Jamie Rollo of Morgan Stanley looks ahead to Enterprise Inns’ Q3 interim management statement on 7 August, saying he expects like for like net income to be up 1.5%, boosted by the Easter shift, the World Cup and good weather.

The company had a “solid” first half of the year, according to Rollo who said weak comparisons from 2013 attributed to the collapse of wholesale group Waverley and poor weather in H1 2013 resulted in like for like net income up 1.1%.

Rollo said Easter falling in H2 this year should provide a boost in Q3, and also anticipate a boost from the World Cup and recent hot weather.

“We expect Q3 LfL net income to grow c.1.5%, slowing to flat in Q4 as comps are tougher. For the full year, we expect +0.9% LfL net income, revenue of £629m (-2%), EBITDA of £300m (-4%) and EPS of 17.8p (-6%), leaving us broadly in line with consensus at £626m, £302m and 18.4p.

“We remain Overweight on Enterprise as we have growing confidence it can return to sustainable positive LfL growth, its debt levels are more manageable now, and we think its c.50% discount to book looks unjustified. The shares trade on a calendarised 2015e P/E of 6.5x, 9.9x EV/EBITDA, with a 19% FCF yield.”

LfL net income rose 1.1% in H1, considerably better than 2013’s -2.9%, partly boosted by weak comps. Q2 saw 1.5% LfL growth, following +0.5% in Q1, with the improvement encouraging given Q1 was the weakest comp of the year (-4.4% first 17 weeks of 2013), hit by the collapse of wholesaler Waverley (£1m / 1% from profit last year) and poor weather (£1.5m / 1.5%).”

“While the 1.1% H1 growth rate is fairly low, it is a big improvement after 6 years of declines, and as half the income is rent and nearly another half commission on selling beer, it will not generate the sorts of growth rates enjoyed by retail operators. Enterprise highlighted more challenging comps in H2 at the interims, but said it continues to target LfL net income growth in H2, and that the first six weeks delivered LfL net income growth. We are encouraged by recent trends in the industry, with Spirit Leased reporting 5.3% LfL net income growth in the 12 weeks to 24 May, and Greene King Leased LfL net income +3.5% in May-June.

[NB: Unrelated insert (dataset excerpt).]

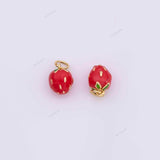 18k GF Strawberry Fruit Charm 8x12mm for Charm Bar Bracelets and Necklaces White Gold Silver Pave CZ Minimalist Charms 18K Gold Filled
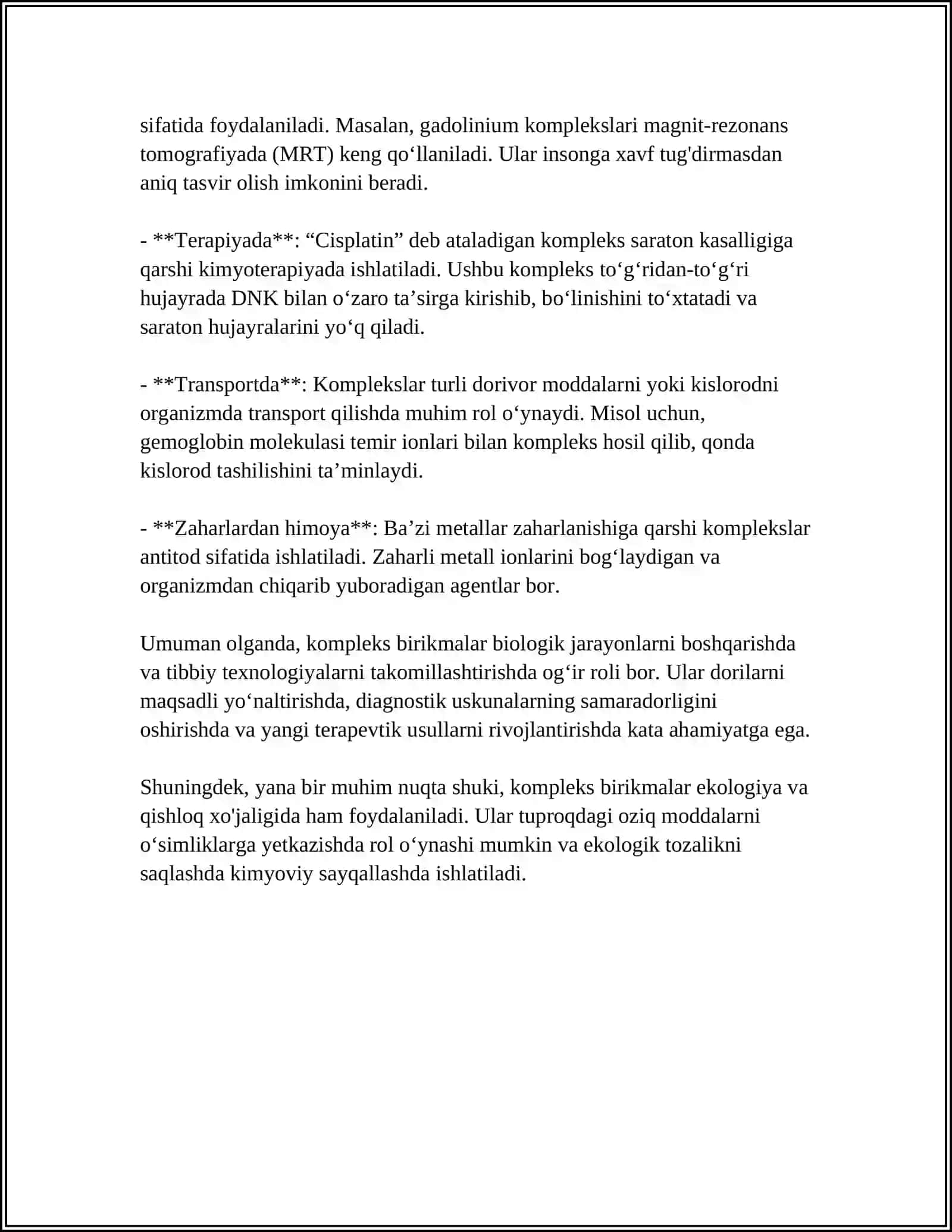 KOMPLEKS BIRIKMALAR ULARNING TIBBIYOTDAGI AHAMIYATI 4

“For the full year, we forecast 0.9% LfL net income growth, and the company needs +0.7% in H2, which seems reasonable. Given the Easter shift, tougher comps in Q4 and looking at 2-year growth trends, we expect LfL net income growth of c.1.5% in Q3, and closer to flat in Q4.”

Enterprise disposed of 129 pubs for £42m by the end of H1 and will reinvest the proceeds to drive LfL net income growth and improve financial returns on its retained estate. These together with the convertible bond issued at the end of last year reduced the need for as many disposals, particularly of “exceptional pubs”, to stay within banking covenants.

Rollo said: “We expect £70m disposal proceeds for the full year, in line with company guidance, meaning it has to sell another £28m beyond what it sold in H1.”

Net bank borrowings had fallen to £76m at the end of H1, down from £104m at the end of Q1, and £266m a year ago. The company has prepaid some Unique securitised debt to ensure it can continue to upstream cash while it still needs to, meaning the bank debt covenant is much safer. We think this means the risk of a serious credit event has basically disappeared. While group net debt is down from its 2007 peak of £3.8bn to £2.5bn at the end of H1, net debt/EBITDA remains stubbornly high at 8.0x, as LfLs have been under pressure and pubs have been sold. However, with LfLs stabilising and FCF strong, we expect this multiple to start to come down, and forecast an 0.2x reduction in FY15.”